But Social Security, as well, is a big item. And I campaigned on it, as you're painfully aware, since you had to suffer through many of my speeches. I didn't duck the issue like others have done have in the past. I said this is a vital issue and we need to work together to solve it. Now, the temptation is going to be, by well-meaning people such as yourself, John, and others here, as we run up to the issue to get me to negotiate with myself in public; to say, you know, what's this mean, Mr. President, what's that mean. I'm not going to do that. I don't get to write the law. I will propose a solution at the appropriate time, but the law will be written in the halls of Congress. And I will negotiate with them, with the members of Congress, and they will want me to start playing my hand: Will you accept this? Will you not accept that? Why don't you do this hard thing? Why don't you do that? I fully recognize this is going to be a decision that requires difficult choices, John. Inherent in your question is, do I recognize that? You bet I do.
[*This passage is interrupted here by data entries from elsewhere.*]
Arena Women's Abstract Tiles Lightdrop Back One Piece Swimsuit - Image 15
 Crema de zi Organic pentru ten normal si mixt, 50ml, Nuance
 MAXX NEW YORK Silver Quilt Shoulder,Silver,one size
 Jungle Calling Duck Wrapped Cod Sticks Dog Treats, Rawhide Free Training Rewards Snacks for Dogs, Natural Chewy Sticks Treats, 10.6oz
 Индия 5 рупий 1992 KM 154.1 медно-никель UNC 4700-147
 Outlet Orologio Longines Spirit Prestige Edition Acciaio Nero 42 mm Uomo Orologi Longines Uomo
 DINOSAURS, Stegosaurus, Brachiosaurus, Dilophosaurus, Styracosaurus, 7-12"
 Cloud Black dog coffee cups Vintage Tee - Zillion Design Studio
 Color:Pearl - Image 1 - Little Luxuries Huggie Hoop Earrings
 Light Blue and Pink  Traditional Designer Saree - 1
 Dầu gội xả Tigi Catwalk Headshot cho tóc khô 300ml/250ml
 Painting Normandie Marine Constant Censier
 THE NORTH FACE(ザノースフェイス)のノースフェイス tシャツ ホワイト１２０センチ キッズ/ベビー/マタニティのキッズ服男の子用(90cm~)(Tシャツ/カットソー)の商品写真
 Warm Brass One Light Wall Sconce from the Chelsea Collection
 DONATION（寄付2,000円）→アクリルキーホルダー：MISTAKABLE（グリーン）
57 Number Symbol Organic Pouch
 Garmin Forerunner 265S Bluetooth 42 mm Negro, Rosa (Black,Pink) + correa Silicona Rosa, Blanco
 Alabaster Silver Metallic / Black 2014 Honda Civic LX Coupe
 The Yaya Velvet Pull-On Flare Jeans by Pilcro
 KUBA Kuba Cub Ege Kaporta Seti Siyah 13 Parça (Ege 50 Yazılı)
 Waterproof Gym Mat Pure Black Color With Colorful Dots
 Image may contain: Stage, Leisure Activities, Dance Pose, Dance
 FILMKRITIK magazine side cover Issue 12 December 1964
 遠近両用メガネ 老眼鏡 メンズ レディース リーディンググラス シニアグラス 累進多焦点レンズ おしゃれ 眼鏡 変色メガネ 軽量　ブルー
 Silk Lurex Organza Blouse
Otherwise, it would have been.
Timothy Noah of Slate wrote yesterday of his theories of Bush's refusal to disclose how he is going to achieve Social Security reform.
When Bush says someone is trying to get him to "negotiate with myself in public," which he says a lot, it has always been my understanding that he means he doesn't have to consider an argument with which he doesn't agree. Now, though, I suspect that, at least in this case, he means something more. He's saying that he doesn't have to consider reality. It isn't his job to do "this hard thing." That's somebody else's job—in this instance, Congress: "I don't get to write the law."
What "I" get to do, as president, is make promises that I know perfectly well can never be kept, and then to make Congress break those promises for me. I don't have to change "the principles I believe in" because I know more responsible people in the government will violate them and take the blame.
Those "principles," then, are really nothing more than the narcissism of a spoiled child. Why a Congress controlled by Bush's own party is willing to put up with this infantile buck-passing is anybody's guess. But it's time for the rest of us to recognize that when Bush says he can privatize Social Security cost-free, he's just putting his vanity on display. He only believes it because he can rely on his political allies not to.
He is a petulant spoiled brat. I didn't take the time to count the amount of times he said the words I, me, or my during the press conference, but I wouldn't be surprised if one were to do so, one would discover everything is all about him.